The biggest challenge for most is just learning to listen and hear it. For those who wonder, here's what happens: the first few minutes running the essential character is there but grainy and harsh and lacking fine harmonic structure, subtle nuance or detail. Within minutes this etched skeletal quality begins transforming becoming much more smooth and filled out and liquid. Dynamic shadings nowhere to be found in the beginning become plainly evident later on. Eventually if the component is good enough it gets to palpable presence, that eerie feeling where there are so many subtle details coming through so effortlessly its like you are feeling it more than just hearing it.

For people like zarathu who find this impossible, well isn't it odd that I am able to explain so clearly and in such detail what you think I am not even able to hear? The simplest explanation is I know what I'm talking about, however hard that may be to believe.

But hey, another thing I'm constantly saying: DON'T TAKE MY WORD FOR IT! Go hear for yourself.

Take whatever fuse you have that is easily replaced and swap out it out for one that is brand new. The brand new fuse will have zero hours on it.

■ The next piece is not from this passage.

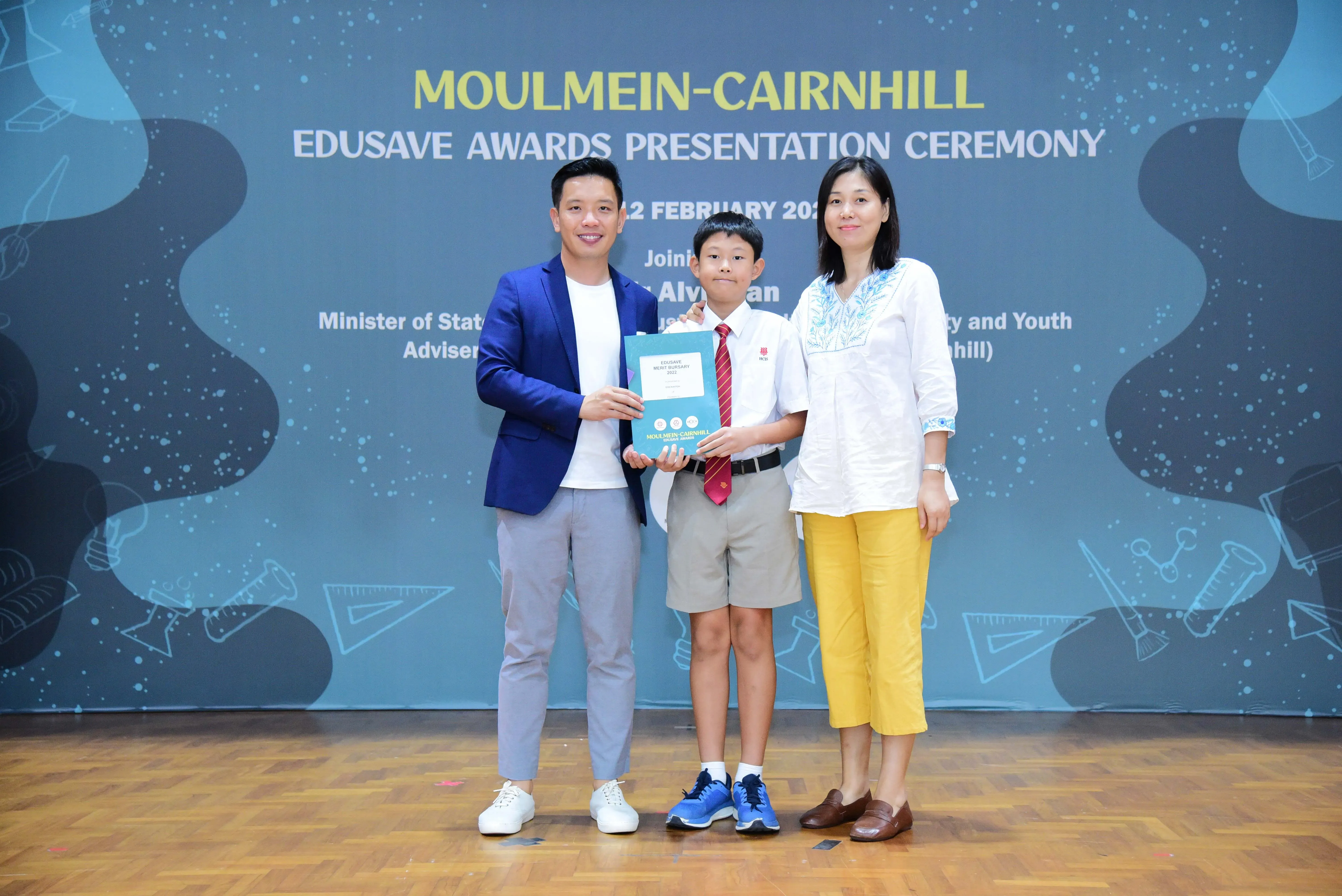 A boy in school uniform holds an award booklet flanked by two adults at the Moulmein-Cairnhill Edusave Awards Ceremony.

First make sure everything in your whole system is on and thoroughly warmed up. The same crappy sound you are going to hear from the new fuse is the same crappy sound you are going to hear from cold anything. So warm it up. Sit back and listen. Then swap the fuse and listen again.

Then when you get to where you can easily hear such things, repeatedly and reliably, then you will be in a position to say that no, the volume level does not matter. What matters more than anything else is time. The vast majority of burn-in improvement occurs in the first few minutes to hours. Beyond that many components continue to improve some of them yes for a hundred hours or more. But the vast majority occurs right away, and so fast you will if you are a good listener be able to hear it on the fly as it happens. 

Then once you get past the first few dozen hours or so, somewhere in there, the warm-up factor starts to come into play. You can think of this as whenever anything is turned off more than a short time, overnight say, it is almost as if it goes back to being like new again. That is to say, when you first turn it on it is not going to sound very good. But then within a fairly short time, could be 10 minutes, could be an hour, its going to stabilize and sound great again. Instead of burned-in we say warmed-up but it is the same only different, as they say.


 

I enjoy few things more than listening to a component as it burns in. The changes are just fascinating, especially the first few minutes to hours. Speakers, amps, cables, even fuses. Just one of the most amazing things, and I listen closely every time. In 20+ years I have heard no evidence volume matters at all.